Declarar-se indígena é, como os membros constantemente reforçam, um ato de resistência. A organização reforça a retomada da identidade como um percurso de valorização da ancestralidade, impulsionando pessoas a saírem das categorias pardas ou mestiças para recuperar um universo com o qual verdadeiramente se identificam. Para Joanna Denholm, de Mairi (BA), a principal contribuição da Wyka vem da sensação de pertencimento: "Entendi o que era o meu choro e a sensação de estar só", diz ela.

Muitas pessoas que vivem nas cidades perderam o contato com os hábitos de seus ancestrais, mas não se reconhecem nos modelos convencionais da sociedade.

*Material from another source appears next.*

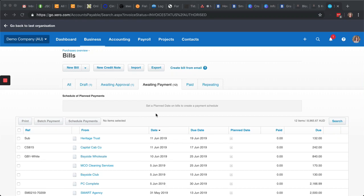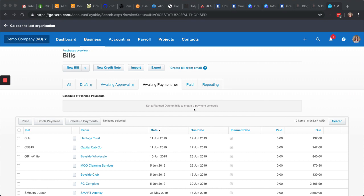Did you know that you can set planned dates to be able to plan out your cash flow? Sitting in Xero, under the Bills section, when you look at all of the bills that are awaiting payment here, you can see on the right we've got 12 items, that's $9,000.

Além disso, a demarcação da identidade é permeada por mitos, já que crenças populares ainda tendem a associar a imagem do indígena a aldeias isoladas, ignorando a realidade da urbanização e dos avanços tecnológicos.

O fenótipo, aliás, não é a única marca a ser levada em consideração. Dida Farias chama a atenção para o fato de que a miscigenação camuflou características tidas como "padrão indígena", como cor da pele, cabelo e formato dos olhos.

"Comecei esse processo de retomada há muitos anos graças à minha conexão com a natureza", afirma ela, que inclusive cita participações em torés - que são rituais de dança, espiritualidade e brincadeiras, muito praticados por grupos como Xucurus-Kariris, Kariris-Xocós e Potiguares. Quando perguntada sobre o processo de retomada, ela relembrou o discurso recente do presidente Lula (PT) na cerimônia de posse: "O Brasil realmente precisa tomar posse de si mesmo, e isso inclui os povos indígenas".

Hoje, os projetos da Wyka Kwara são divididos em diversas etapas. Primeiro, as pessoas interessadas entram para o grupo de acolhimento, onde conversam sobre sua identidade e tentam recuperar informações sobre etnias de origem.

Ao todo, cerca de quatrocentas pessoas já passaram pelo acolhimento desde a fundação do projeto, que hoje conta com CNPJ e busca parcerias. Posteriormente, muitos passam a integrar grupos dos quais originam, enquanto outros seguem caminhando com os projetos da organização e se tornam associados. Atualmente, este último grupo reúne mais de cem pessoas.

Quem é associado participa de eventos, reuniões e projetos distintos. Moara Tupinambá, uma das coordenadoras, explica: "Além do auxílio a indígenas urbanos, também fazemos projetos para comunidades, que vão desde o auxílio ao acesso de luz elétrica até retomadas territoriais para a prática de agricultura familiar".

O grupo também ajuda associados a terem mais independência, impulsionando o trabalho de artistas e artesãos. "A maior parte das pessoas que integram a Wyka são artistas, algo que faz parte da natureza indígena. Divulgamos projetos como produção de cerâmica e artesanato", explica.

A ambição é que os grupos de estudo e projetos, intitulados como GTs e que incluem temas como cultura, história e relações internacionais, formem uma universidade. Essa universidade acolheria indígenas de todas as partes do Brasil e daria a eles mais oportunidades de estudo e trabalho, independente dos modelos convencionais da sociedade e preservando a coletividade.

O líder Kwarahý Tembé Tenetehar explica que essa ideia caminha lado-a-lado com a necessidade de preservar o meio-ambiente - um dos movimentos mais importantes das comunidades indígenas.

Nós caminhamos em um mundo egoísta, e buscamos nossos parentes para ressignificar a sociedade em que vivemos. A origem do nosso conhecimento é a natureza, a espiritualidade. Caminhamos para sempre respeitar essa lei natural, Kwarahý Tembé Tenetehar.